Montreal might be synonymous with such things as poutine, smoked meat and Celine Dion's chain of Nickel restaurants. But this Canadian city also has bred a wealth of independent talent, including the death-camp drone of Godspeed You! Black Emperor and last year's indie rock heroes the Arcade Fire. The members of Stars were welcomed into Montreal's creative surge after they relocated from New York, but they've gone relatively unnoticed despite releasing two sophisticated discs (2001's Nightsongs and 2003's Heart). It seems the world wasn't ready for Amy Millian and Torquil Campbell's take on '80s girl/boy harmonized synth pop. Yet.

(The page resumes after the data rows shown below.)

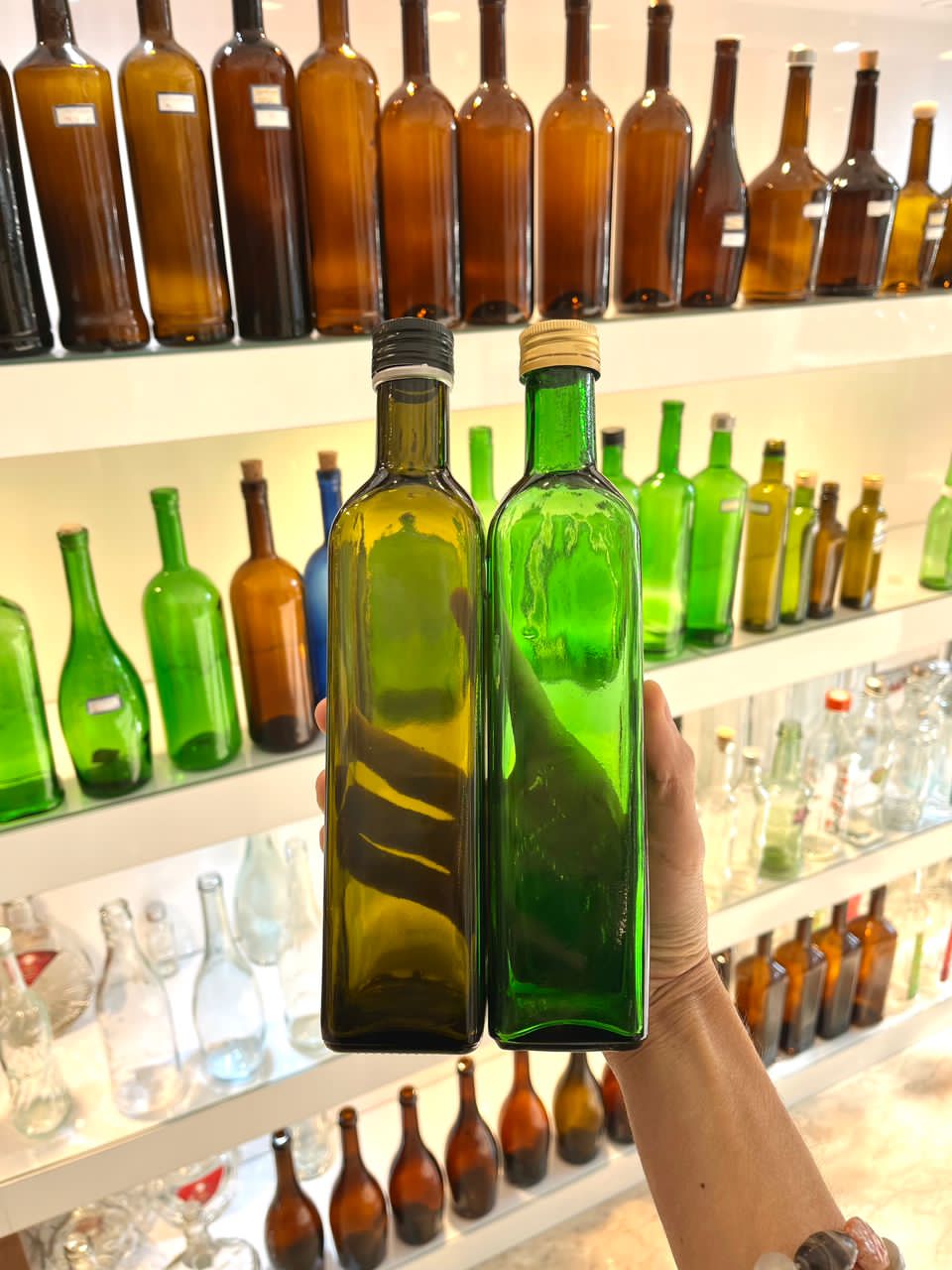 قیمت بطری شیشه ای چهار گوش ونیز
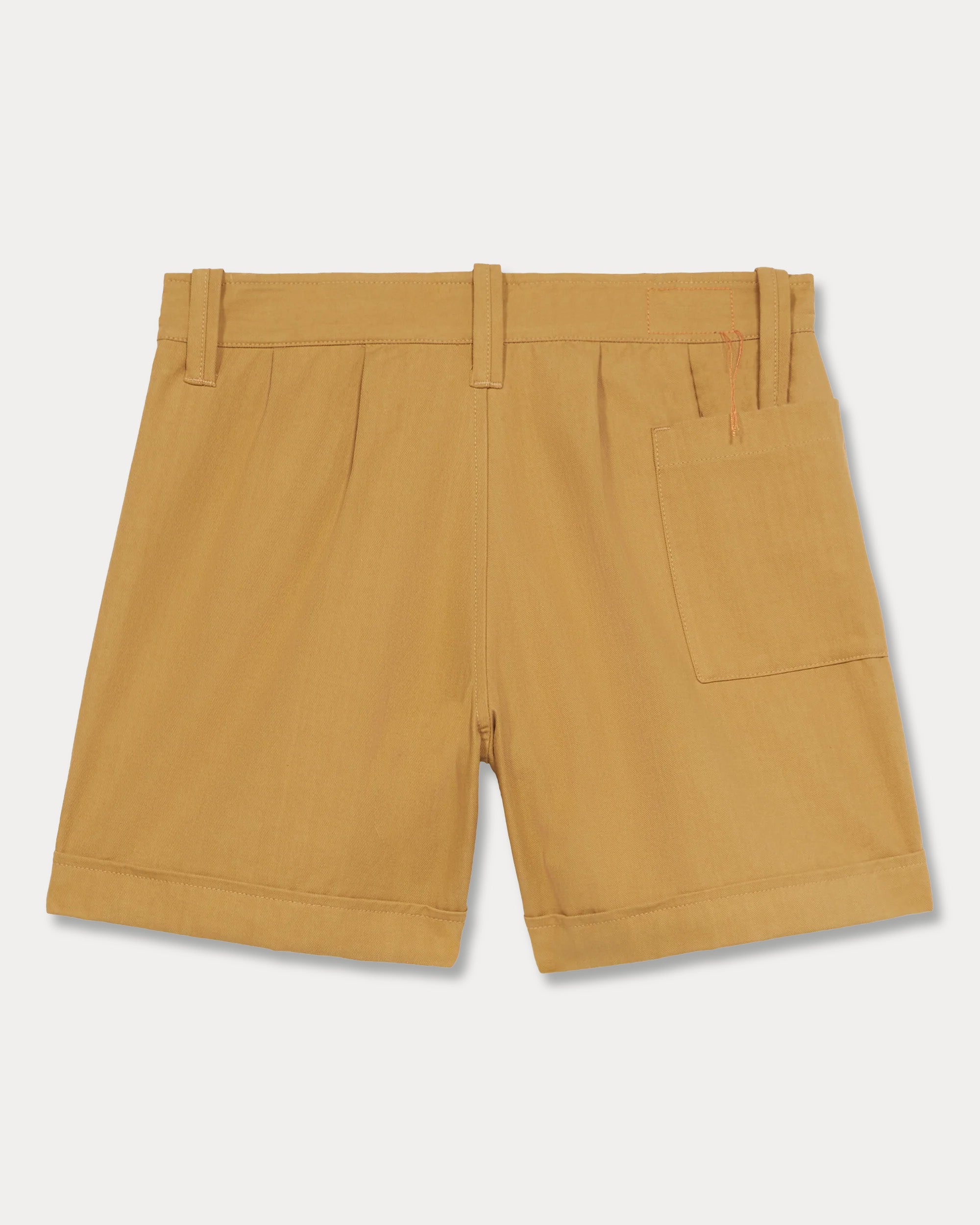 Jariah Pleated Cotton Twill Bermuda Shorts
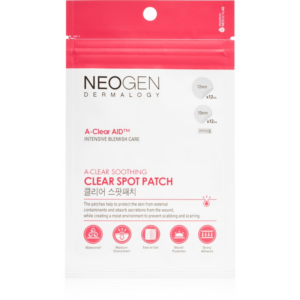Neogen Dermalogy A-Clear Soothing Spot Patch tisztító tapasz az aknés bőrre 24 db-Ár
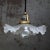 1920s French Art Nouveau Frosted Glass Pendant Light, 1920s For Sale - Image 5 of 7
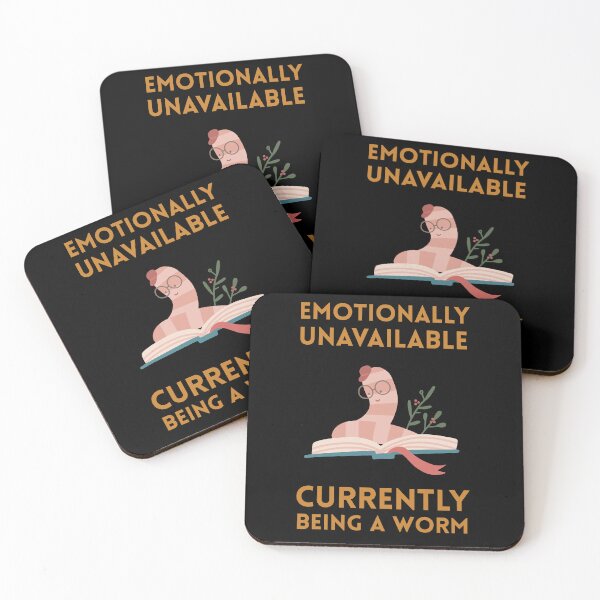 Item preview, Emotionally Unavailable Currently Being a Worm Funny T-Shirt Perfect Form Bookworm designed and sold by EvocatiVerse.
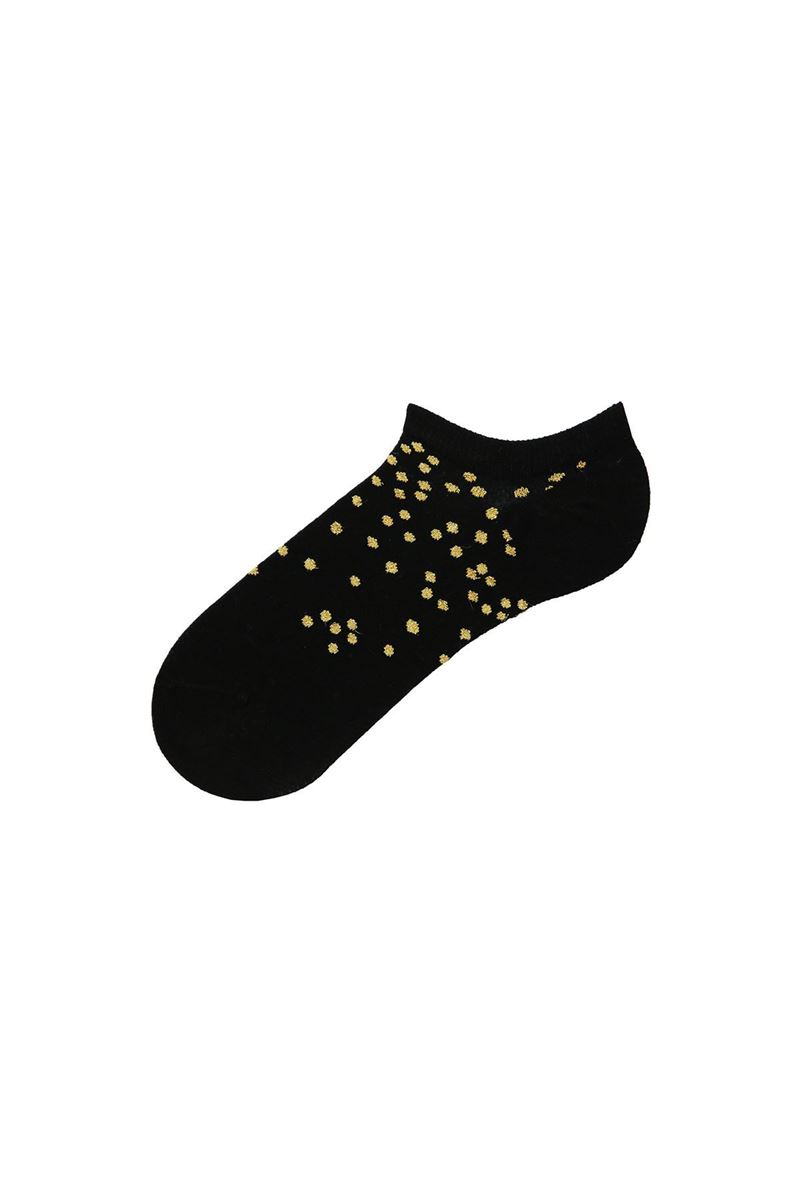 SILVERY POLKA-DOT WOMENS SNEAKER SOCKS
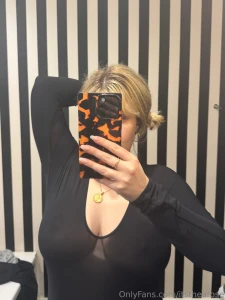 Mommy does love a sheer look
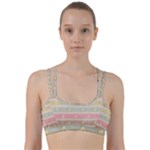 stripes floral designs Line Them Up Sports Bra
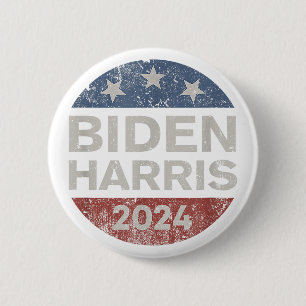 Biden Harris 2024 Retro Vintage 6 Cm Round Badge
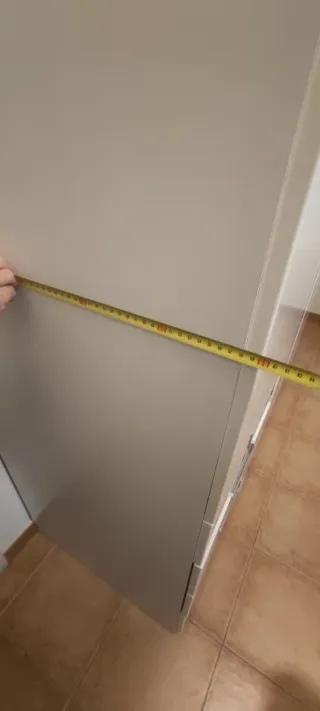 Armario blanco lacado 3 puertas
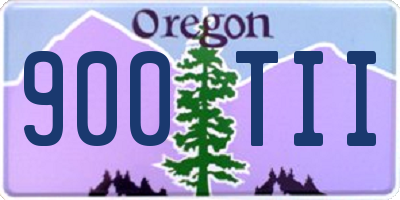 OR license plate 900TII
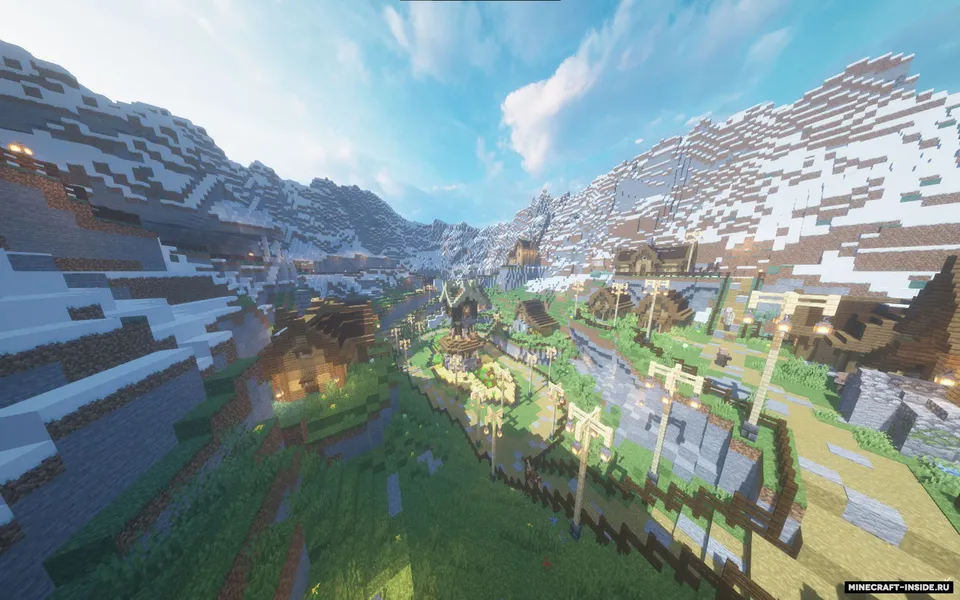 Village around the mountains — Minecraft xarita, rasm 7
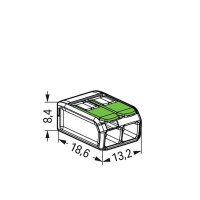 WAGO Verbindungsklemme Green Range flexibel bis 4mm&sup2; - 221-422 | 100er Pack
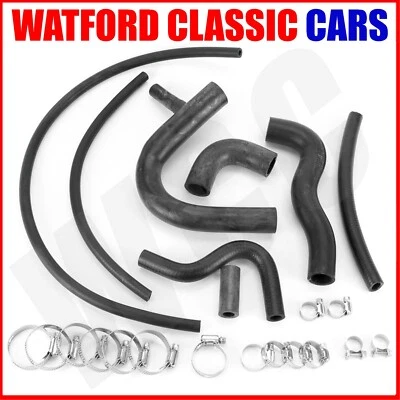 Kit de manguera de enfriamiento de radiador de flujo cruzado calentador redondo MG Midget 1970-74 1275cc CHK6 Foto 1 de 2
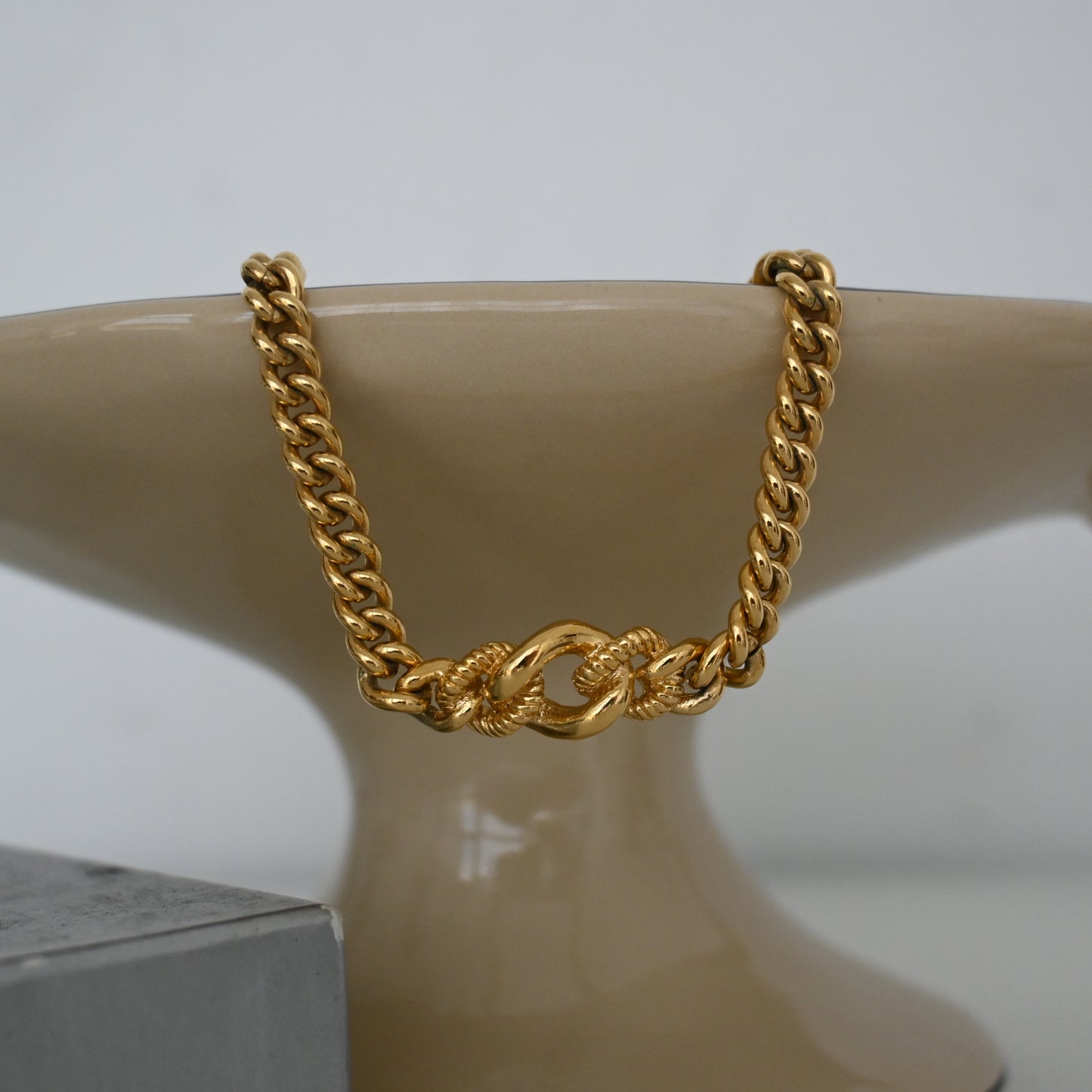 Christian Dior Textured Chain Necklace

Now that re-hashing the '80s is all the rage, Stars' third album, Set Yourself on Fire, might be the disc that takes this quartet out of obscurity. It's the band's first for Arts & Crafts, the same label that brought us releases from Broken Social Scene (and just about every member of their large collective). And the band's sound isn't all that dated; it feels fresh compared to the Cure and Joy Division emulators out there and is a bit more concise than the roller-coaster ride of an album like You Forgot It In People. Guitarist/vocalist Millian, singer Campbell, multi-instrumentalist Evan Cranely and percussionist Pat McGee pick apart the melodic tones and buzzes from that period and build a huge wall of New Order-esque orchestration. It has tons of sugar-coated melodies but none of the '80s cheesiness.
What makes Fire so appealing is that it sounds less complex than its predecessors -- especially Heart -- even though there's more going on musically. They refined themselves without dumbing down their sound and managed to use orchestration wisely without hurting the material. Heart's standout single, "Elevator Love Song," contains roughly the same structure as Fire's single, "Ageless Beauty," but the latter unfolds less obtrusively and flows easier through layers of Millian's Kevin Shields-worthy vocal production.
Compared to this, the band's past work was preoccupied with blips and loops. The title track marries Postal Service keyboard effects with stylish songwriting that contains one of the sweeter dynamic shifts on the album. It descends from an up-tempo pop number into a reflective piano ballad that borrows more from the '70s than the decade Stars is supposedly trying to cop.
The musical blueprint created on Set Yourself on Fire might be difficult to recreate live, especially the towering, "One More Night" or the glitchy "He Lied About Death." But the strong songwriting partnership that Millian and Campbell have developed over the years will be hard to lose in live translation.